[PATCH RT v2 0/3] riscv: add PREEMPT_RT support

Fri Nov 3 11:22:40 PDT 2023

On Fri, Nov 3, 2023 at 10:39 AM Sebastian Andrzej Siewior
<bigeasy at linutronix.de> wrote:
>
> On 2023-11-03 10:19:49 [-0700], Evan Green wrote:
> > Hi Sebastien,
>
> Hi Evan,
>
> > Could you elaborate a little on the rule violation here? The
> > documentation for GFP_NOWAIT says:
> >
> > > If the allocation is performed from an atomic context, e.g interrupt
> > > handler, use ``GFP_NOWAIT``.
> >
> > which seems like it basically fits my situation. If I do a search for
> > GFP_NOWAIT to hunt for instances of allocating with interrupts
> > disabled, I see at least the following examples (more available upon
> > request):
>
> We talk here about PREEMPT_RT. The early-CPU up or a SMP-function calls
> happens in hardirq context with disabled interrupts. Always.
> The sequence
>         spin_lock_irq();
>         kmalloc(, GFP_ATOMIC);
>
> is fine because on PREEMPT_RT spin_lock_irq() does not really disable
> interrupts and the spin_lock_t becomes a sleeping lock. See
>         https://docs.kernel.org/locking/locktypes.html
>

Thanks, that page helps. PREEMPT_RT is wild :)

> The problem is that sleeping locks must be acquired in a context where
> sleeping is not possible.

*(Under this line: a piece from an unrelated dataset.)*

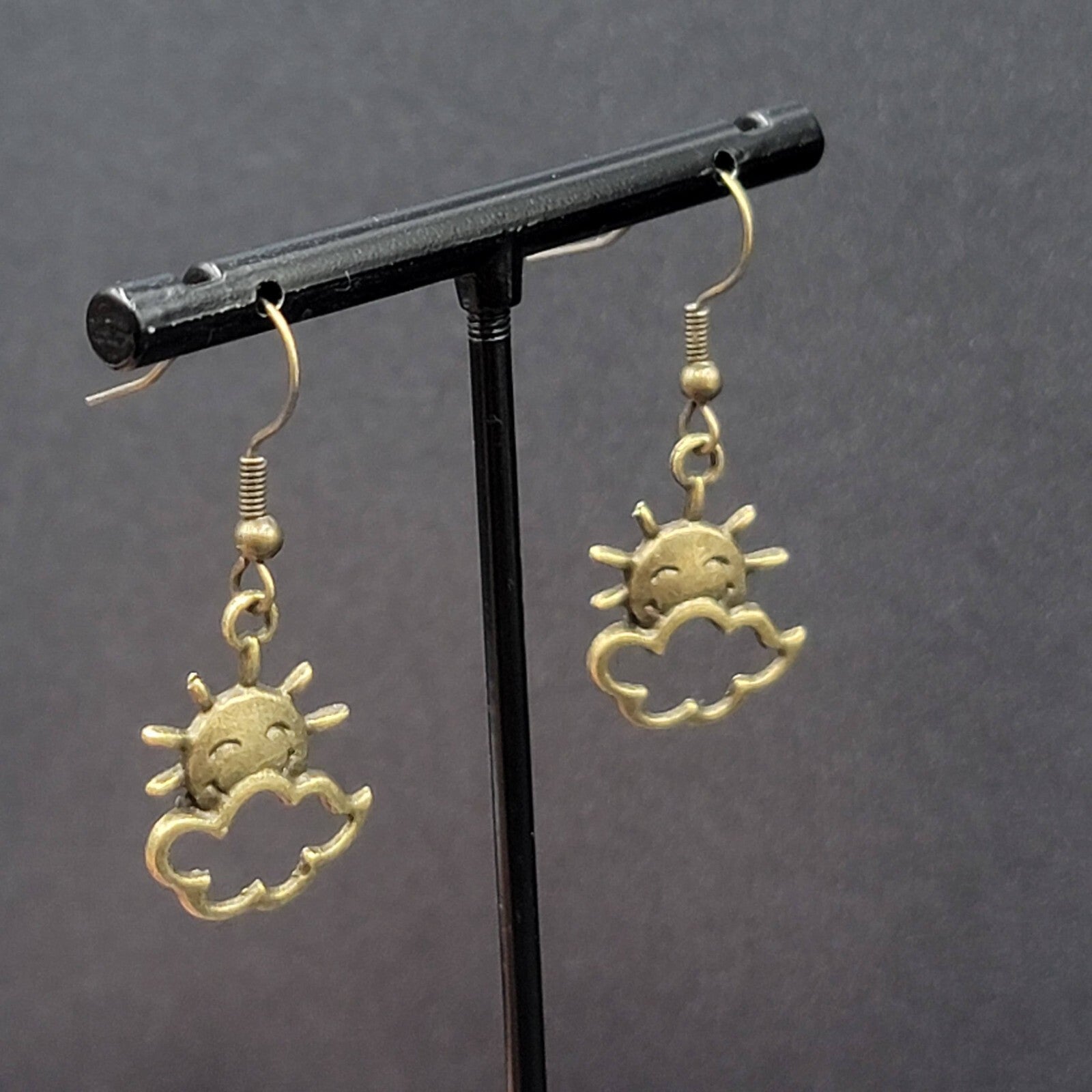 New Happy Sun Clouds Pierced Earrings Bronze tone Dangle 3/4"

And kmalloc() may need to acquire sleeping
> locks. Therefore no memory allocations in IRQ-off sections.
>
> > Finding the documentation that states this is illegal might help me
> > understand what I should be doing instead. For example, I'm fuzzy on
> > something that's disallowed when interrupts are disabled but ok in
> > smp_callin().
>
> smp_callin() is the SMP functions call so it is not okay. Having a
> kworker would okay for instance. This however requires a fully setup
> scheduler. Having the memory allocated upfront and passing to every CPU
> would work fine, too.
>
> > One option is to do all the allocations in
> > check_unaligned_access_all_cpus(), and pass them in, but until I can
> > find the rules it's hard to verify that's a correct fix. It's also a
> > little clunky, and wouldn't apply to the hotplug path, so I want to
> > make sure it's necessary and sufficient before embarking on that
> > journey.
>
> I don't know what it does and how often it needs to be done. The
> question is would it be okay to do once on system boot or does it need
> to be done each time the CPU goes up? Is it required to be the first
> thing it does or can it be delayed to slightly later point in time?

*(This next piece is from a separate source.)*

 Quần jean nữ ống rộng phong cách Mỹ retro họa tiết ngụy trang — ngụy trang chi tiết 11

It's essentially a characterization we do on each CPU to figure out if
misaligned word accesses are fast or slow. This info is reported to
usermode, and potentially has kernel consumers as well (Charlie's ip
checksumming series wants to flip a static branch based on it).

In a sense I barely need the buffer, the buffer is just a runway I use
to do dummy memcpys across. I need to do it once on boot for each CPU,
and for any additional CPUs that show up via hotplug. It does not need
to be done across suspend/resume.

The patch in question was an attempt to move this work to be done in
parallel, since on systems with lots of CPUs, doing it serially in
smp_callin() was causing boot time regressions.

For boot, I think the plan I outlined should work: allocate all pages
in the initcall before calling on_each_cpu(). For hotplug, I'll have
to find a spot to allocate a buffer before the CPU comes up, so it can
use it in smp_callin().

Palmer's dropped this patch for now, so I'll plan to spin with those
changes unless anyone has thoughts on this approach.
-Evan